Pension funds remain the largest single source for European venture capital and private equity funds, contributing nearly one-third of the total raised in 2014, and – although most of that comes from US pension plans – European pension funds are significant investors too. As highlighted in a previous edition of Private Equity Comment, potential regulation of European occupational pension schemes has given rise to a concern that they could be tempted to look at more liquid, short term investments, turning away from longer term investing. It was therefore welcome when the European Commission shelved plans to introduce EU-wide capital requirements for pension funds (similar to the Solvency II rules which apply to insurance companies) in 2014, but the European Insurance and Occupational Pensions Authority (EIOPA) has continued to ponder the way forward since then.
Invest Europe and the BVCA are among those who have expressed concern that Solvency II-type rules could require pension funds to reserve greater amounts of capital when making private equity and venture capital investments, and this would run counter to various EU initiatives which are seeking to promote venture capital as a way to fuel growth in the European economy. It is therefore good news that earlier this month, EIOPA issued an opinion on "a common framework for risk assessment and transparency for Institutions for Occupational Retirement Provision" and advised that a framework based on common valuation rules and standardised risk assessments should be introduced, while refraining from capital or funding requirements at this point in time. While "at this point in time" could leave the door open for capital requirements at some point in the future, given that this announcement is consistent with the previous announcements from European bodies, a U-turn seems unlikely in the foreseeable future.
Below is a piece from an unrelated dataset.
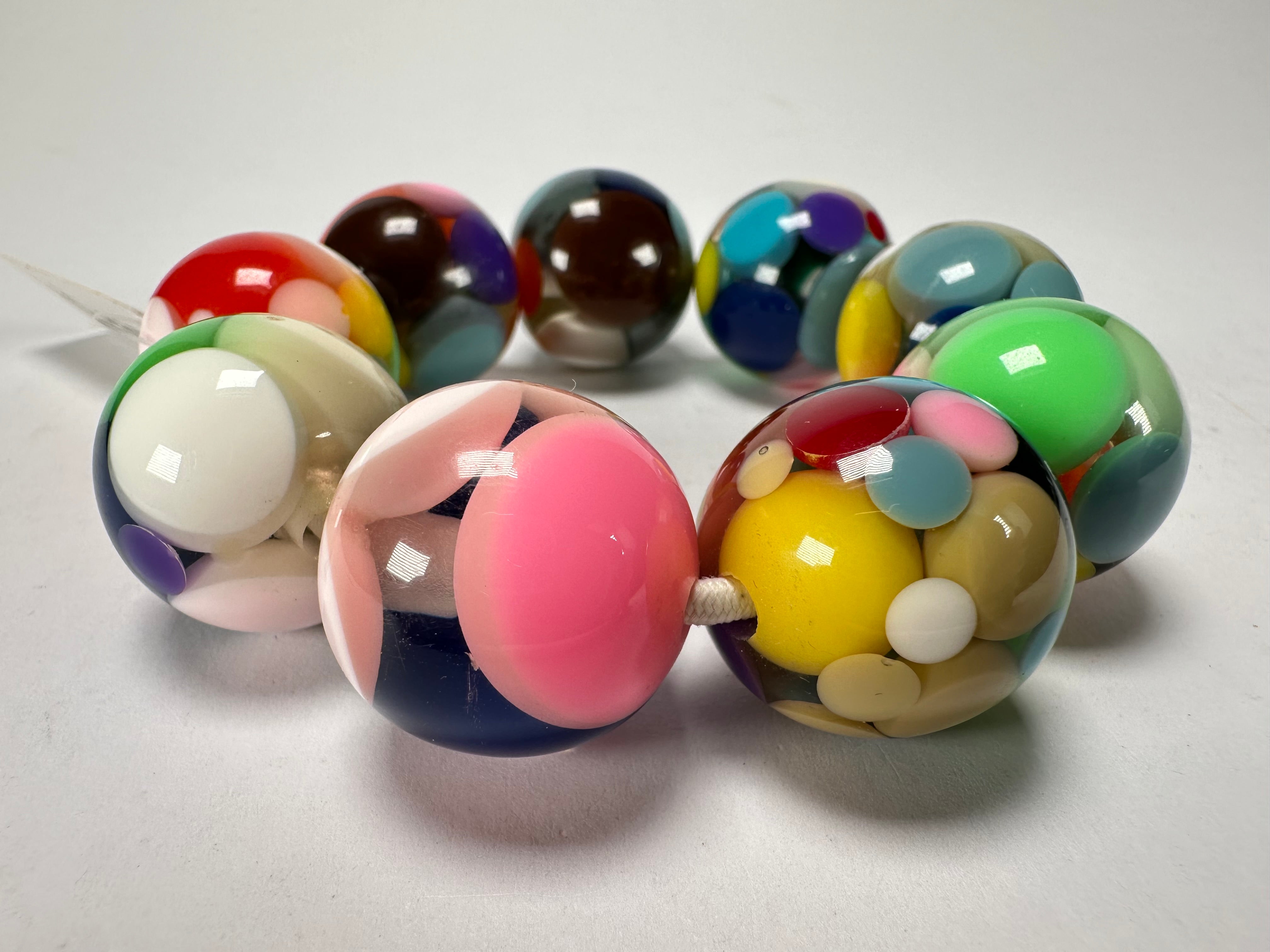 Jackie Brazil "Spots" Spotted Balls On Elastic Resin  Bracelet ( B1470 )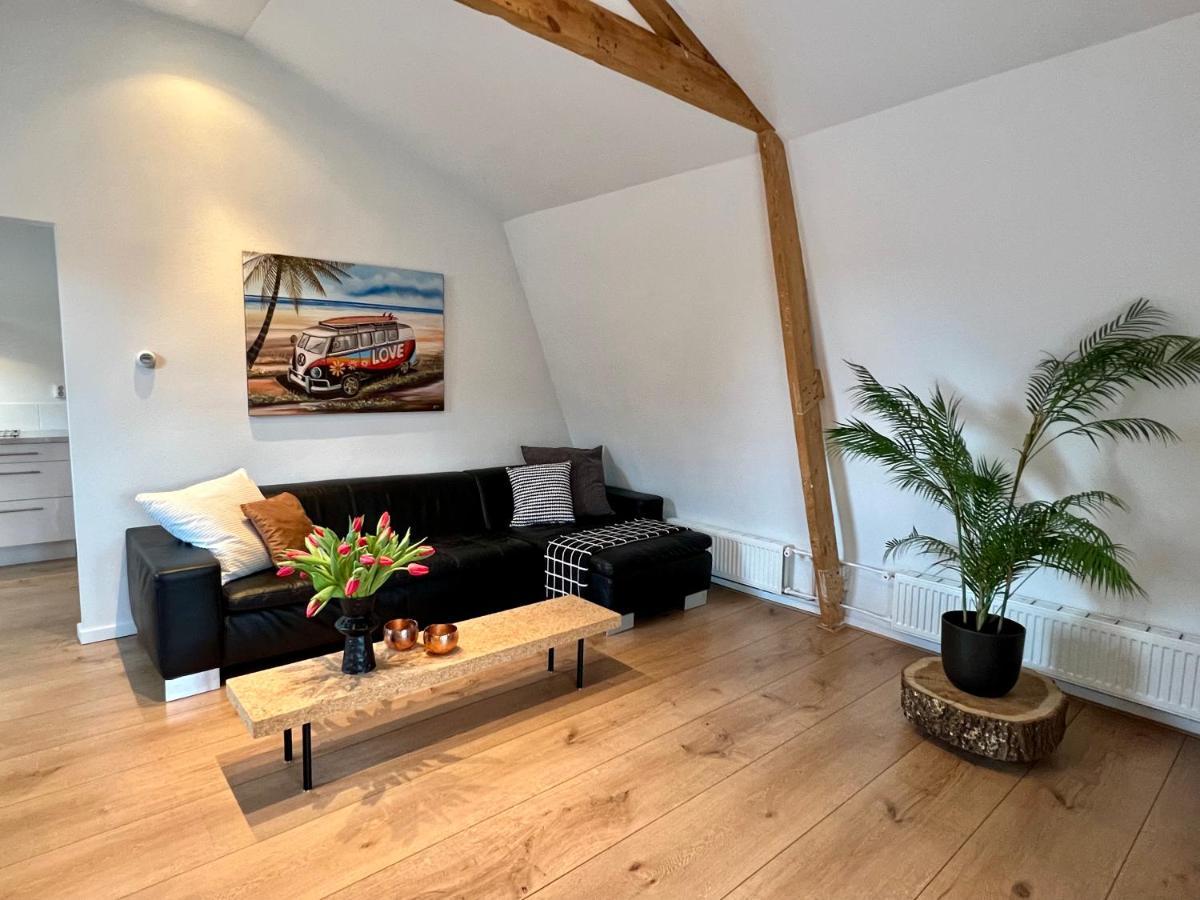 Vakantiehuis Achter De Duinen กัสตรีกุม ภายนอก รูปภาพ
The opinion was issued by EIOPA at its own initiative and it is now up to the European Commission to decide whether to act on the recommendations it contains.
EIOPA recommends some changes for pension funds, although only for those occupational pension schemes (IORPs) where the risk is shared by the sponsor, pension plan members and the institution itself. Defined contribution schemes, where the risks fall purely on the pension plan members, would not be covered by the suggested framework. EIOPA thinks that IORPs should be required to draw up market-consistent balance sheets and conduct standardised risk assessments using a set of pre-defined stress scenarios, with the main elements of the balance sheet and the outcome of the risk assessment to be disclosed publicly. The principle of proportionality, a notoriously difficult concept to apply in other areas, could also be adopted: with a possible exemption for very small IORPs with less than 100 members, and others being able to use simplified methods in proportion to their scale and complexity.
While these recommendations would, if adopted, obviously add to certain pensions funds' compliance functions, and indeed costs, it is a much more favourable position than applying arbitrary capital requirements. The reaction in the pensions industry has been generally positive, as many have been campaigning for several years to avoid these types of rules, and private equity and venture capital fundraisers will also be relieved.